Signature-Memory Models: A Neuro-Symbolic Architecture for Interpretable and Incremental Learning

Signature-Memory Models: A Neuro-Symbolic Architecture for Interpretable and Incremental Learning

Recurso

Author: Michael San Martim
Affiliation: DataSpoc


Abstract

This paper introduces Signature-Memory Models (SMMs), a neuro-symbolic framework addressing deep learning's opacity and rigidity by decoupling representation, memory, and reasoning. Unlike parametric models compressing knowledge into weights, SMMs externalize knowledge through signatures—compact codes capturing salient micro-patterns via dimensionality reduction. These signatures are stored in a temporally-indexed associative memory (using FAISS) and retrieved for inference via interpretable symbolic rules. We validate SMMs on Iris, Wine, and MNIST datasets, achieving competitive accuracy (96-97% on smaller datasets, 94% on MNIST) with superior interpretability, memory efficiency (7-25× compression vs. kNN), and incremental learning support. We introduce Temporal SMMs (T-SMMs) incorporating temporal indexing, bridging SMMs with World Models for sequential tasks. Statistical validation, ablation studies, and concrete interpretability examples demonstrate SMMs as a step toward scalable, memory-based, explainable AI.

Keywords: Neuro-Symbolic AI, Associative Memory, Interpretable ML, Incremental Learning, XAI, World Models, Temporal Reasoning


1. Introduction

Deep neural networks dominate AI but suffer from: (1) Opacity—black-box predictions hindering trust, (2) Rigidity—static knowledge in parameters, and (3) Catastrophic forgetting during sequential learning [1]. Symbolic AI offers transparency but struggles with uncertainty and high-dimensional data [2].

We propose Signature-Memory Models (SMMs), externalizing knowledge into explicit memory. Inputs map to compact signatures (bio-inspired codes), stored with labels and timestamps. Predictions retrieve similar signatures via FAISS indexing and apply symbolic reasoning (e.g., majority vote). This encode-store-retrieve-reason cycle, inspired by cortex-hippocampus interactions [4], provides interpretability while maintaining competitive accuracy.

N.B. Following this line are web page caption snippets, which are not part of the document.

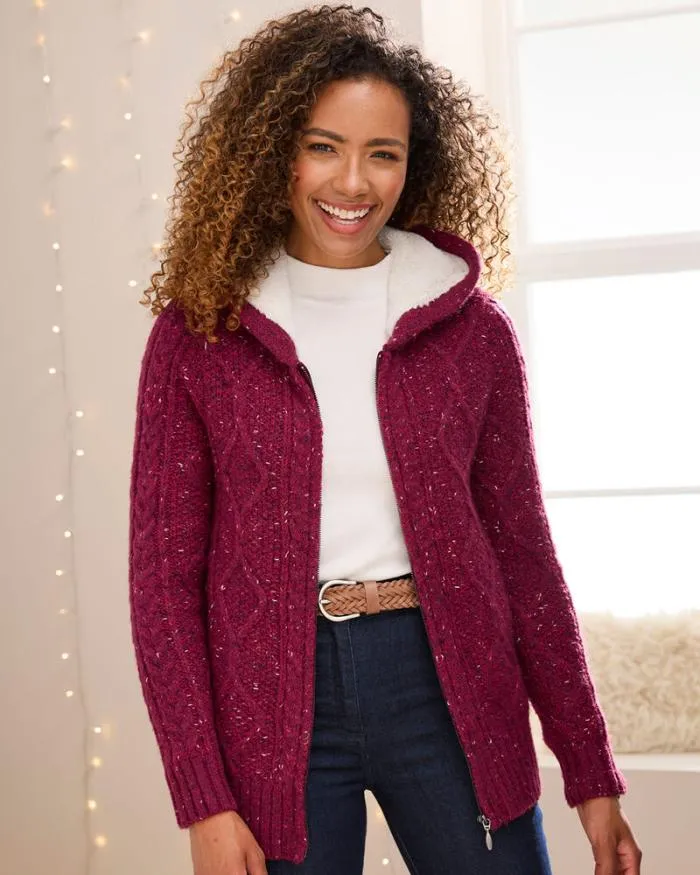 Cotton Traders Knitwear Cable Hooded Zip Cardigan 8211 Women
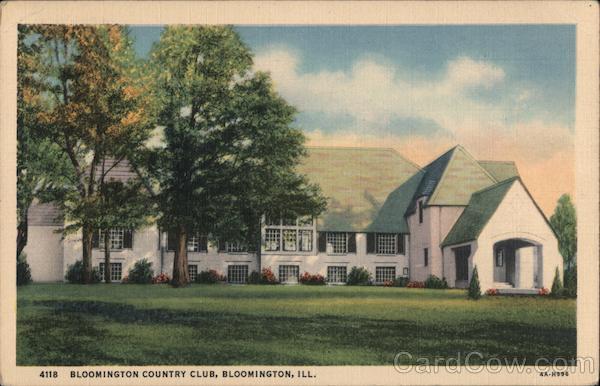 View of Country Club Bloomington, IL Postcard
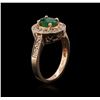 Image 3 : 14KT Rose Gold 1.12ct Emerald and Diamond Ring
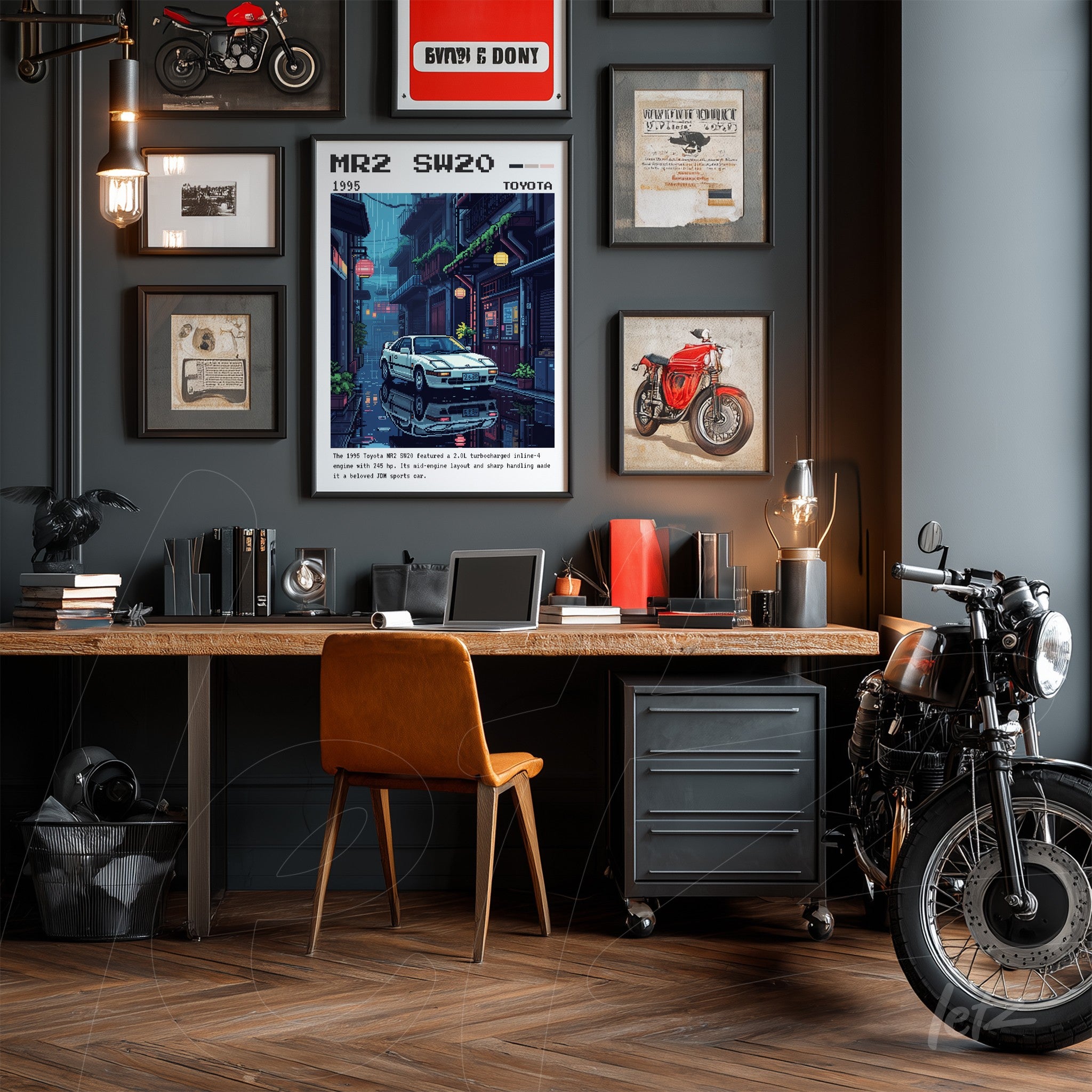 collection of framed art on gray wall in a modern interior featuring a wooden desk, including digital art of 1995 MR2 car and vintage motorcycle photographs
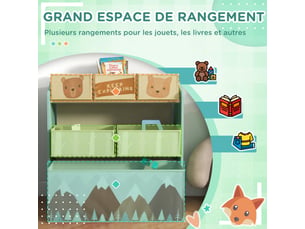 Meuble de rangement enfant avec 6 boîtes amovibles 63l x 30l x 66h cm en tissu non tissé organisateur de jouets, étagère
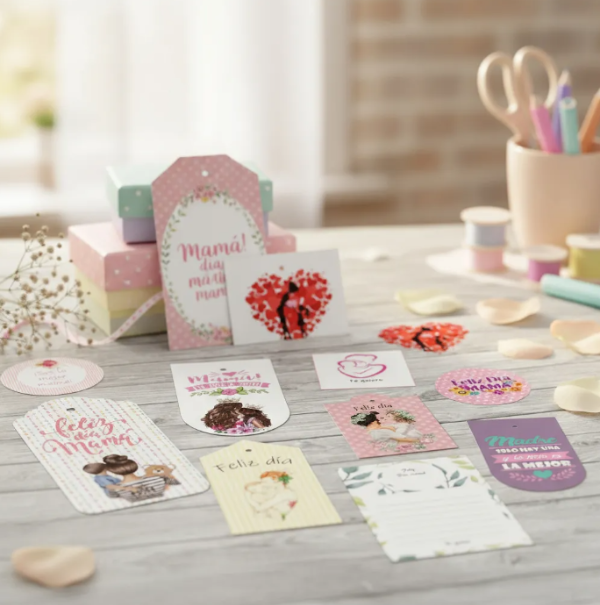 Producto - Kit Imprimible Día de la Madre Tags, Circulos y Tarjetas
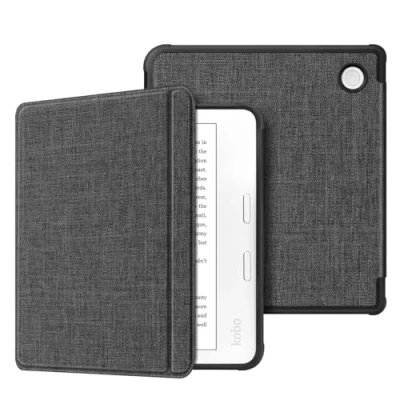 Afbeelding van Fintie Hoes voor Tolino Vision Color (2024) / Kobo Libra 7 inch eReader Superlicht Soft TPU Achterkant Cover Beschermhoes met Auto Sleep Waak en Magneetsluiting, Stof donkergrijs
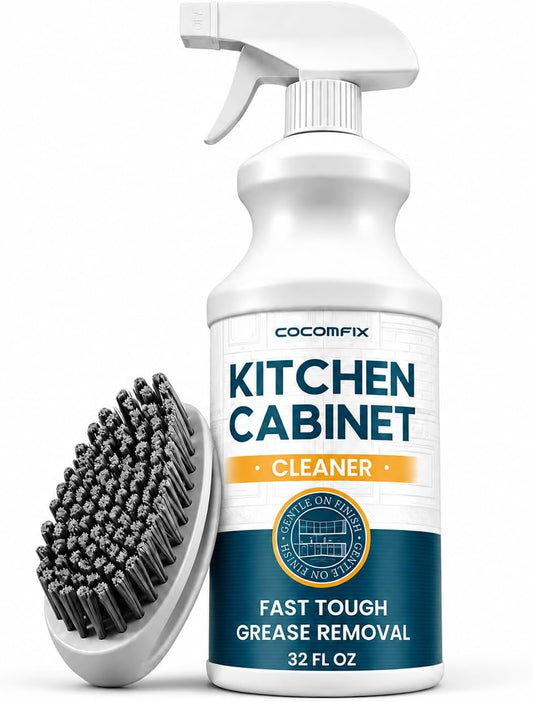 cocomfix Kitchen Cabinet Cleaner for Sticky Grease, Gentle Residue-Free Cabinet Degreaser for Wood, Painted & White Cabinets, Removes Grime, Fingerprints & Buildup, with Soft Scrub Brush, 32oz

Connection to World Models: SMMs share World Models' [5] philosophy—explicit architectural separation and compact encodings—but focus on interpretable classification vs. temporal prediction. Temporal SMMs (T-SMMs) bridge this gap via temporal indexing.

Contributions:

  1. Neuro-symbolic architecture separating representation, storage, and reasoning
  2. Three signature function classes (ordering, micro-combination, spectral)
  3. T-SMMs with FAISS temporal indexing
  4. Formalized World Models connection
  5. Comprehensive empirical validation with statistical rigor
  6. Complexity analysis and incremental learning demonstration

2. Methodology

A Signature-Memory Model is: $\mathcal{M} = (f_{\Sigma}, M, I, R)$ where:

  • $f_{\Sigma}: \mathbb{R}^d \to \mathbb{R}^k$ is the signature function
  • $M = {(\sigma_i, y_i, t_i)}_{i=1}^N$ is associative memory (signature-label-time triplets)
  • $I$ is indexing structure (FAISS)
  • $R$ is reasoning mechanism

2.1 Signature Functions

Ordering-Based: $f_{\Sigma}^{\text{ord}}(x) = \text{argsort}(x)[:k]$ (captures feature dominance, scale-invariant)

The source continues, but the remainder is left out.